If someone expected Porsche would be one of the types leading the charge on plug-in hybrids back when Chevrolet launched the Volt in 2010-just as Porsche was debuting its first-ever production hybrid with the Cayenne-that person should be dealing futures on Wall Street. By replacing that SUV with this 2015 Cayenne S E-Hybrid plug-in, Porsche now has three plug-ins, greater than another car maker. Of course, one of those three is the 918 Spyder, which isn’t exactly mainstream production. But still.
To obtain the Cayenne to plug-in status, Porsche basically grafted within the Panamera E-Hybrid’s high-voltage battery, electric motor, and power electronics, upping the lithium-ion battery power to 10.8 kWh with the sedan’s 9.4. Otherwise, the powertrain is similar, with the Audi-sourced supercharged 3.0-liter V-6 to the Aisin eight-speed automatic. Torque is routed to all four wheels using a limited-slip center differential using a rear-biased (58-percent) torque distribution.
The rest of the car is identical for the currently revamped Cayenne, with a few exceptions.
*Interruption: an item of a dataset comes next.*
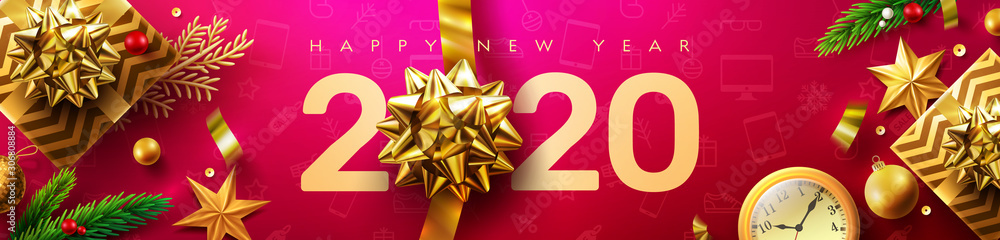 2020 Happy New Year Promotion Poster or banner with golden gift box and christmas decoration elements.Change or open to new year 2020 concept.Promotion and shopping template for New Year.Vector EPS10 - obrazy, fototapety, plakaty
The 282-pound battery, consisting of 104 individual cells, consumes the space normally available to an extra tire. Versus other Cayennes, the $77,395 E-Hybrid has two additional buttons on its center console. Selecting “E-Charge” prioritizes replenishing a depleted battery so future electric driving is feasible. This increases fuel consumption by about 20 percent, in line with Porsche. In “E-Power” mode, though, the Cayenne moves solely in the single electric motor at speeds up to 78 mph. This ability is mostly targeted at European markets, where it allows buyers to prevent congestion fees in certain cities. Americans will be able to utilize this silent-running mode to sneak through to friends or, at the least, valets.
Anytime the Cayenne starts, it’s in E-Power mode by standard, assuming there is enough juice in the battery. Porsche claims that charging with a 240-volt hookup takes about three-and-a-half hours using the standard 3.6-kW charger; an optional 7.2-kW unit can reduce that to 90 minutes assuming you have admission to a high-voltage feed.
Driving in a city makes it hard to desire more power than the electric motor produces. Maximum acceleration with all 416 gas-and-electric horses should return a zero-to-60-mph sprint well below six seconds, along with a quarter-mile will pass in just over 14 ticks, as stated by Porsche. No too shabby for a two-and-a-half ton ute.